_Exercise materials_:
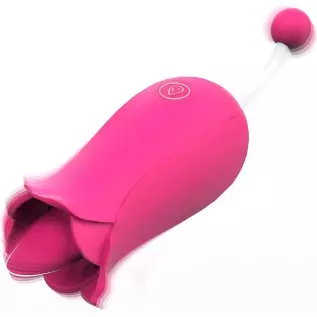 Adorime Rose Toys for Women, 2 in1 Licking & High-Frequency G-Spot Clitoral Rose Vibrator Tongue Stimulator Vaginal Breast Nippl
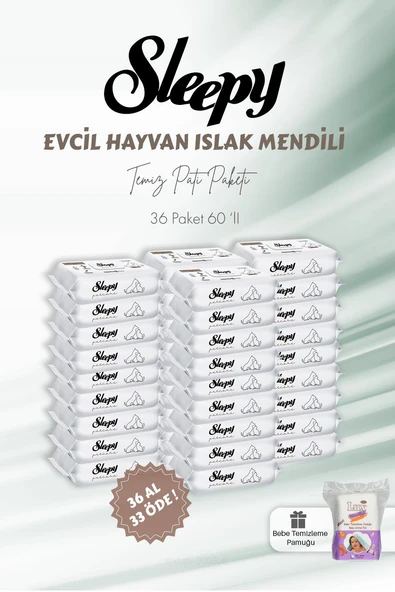 Sleepy 36 AL 33 ÖDE Evcil Hayvan Islak Havlusu 60'lı ve Bebek Pamuğu ürün görseli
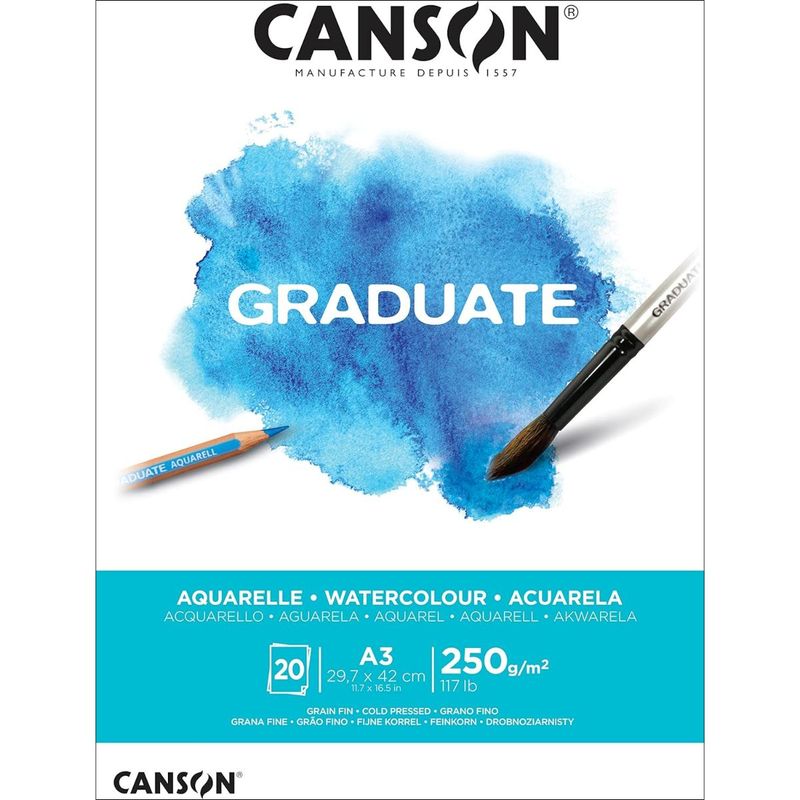 CANSON - Block Acuarela Canson Graduate 250gr 20 Hojas A3 29x42cm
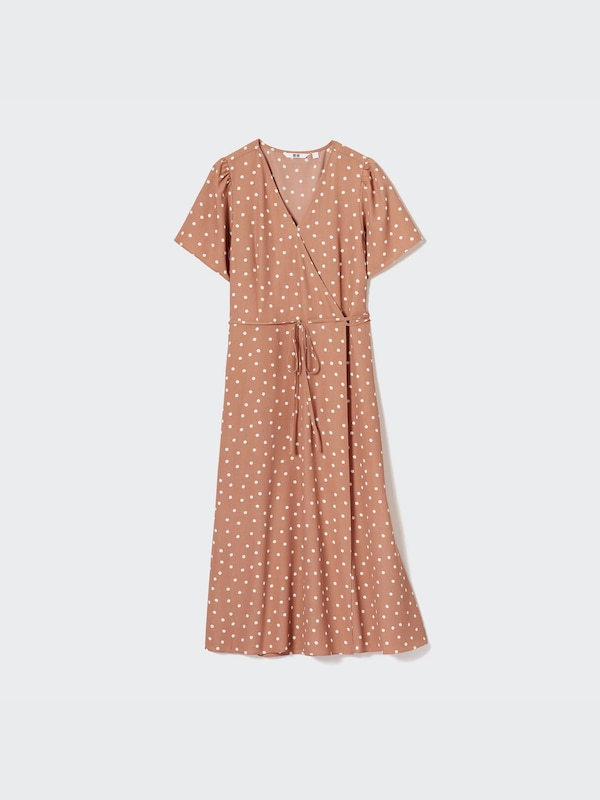 Gaun Wrap Motif Lengan Pendek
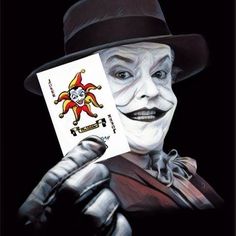 a painting of a clown holding up a playing card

_What needs to be done_: All records must be output exactly as they are, except for the pictures, which are left out.

_Solution for this problem_:
 Adorime Rose Toys for Women, 2 in1 Licking & High-Frequency G-Spot Clitoral Rose Vibrator Tongue Stimulator Vaginal Breast Nippl
 Sleepy 36 AL 33 ÖDE Evcil Hayvan Islak Havlusu 60'lı ve Bebek Pamuğu ürün görseli
 CANSON - Block Acuarela Canson Graduate 250gr 20 Hojas A3 29x42cm
 Gaun Wrap Motif Lengan Pendek
 a painting of a clown holding up a playing card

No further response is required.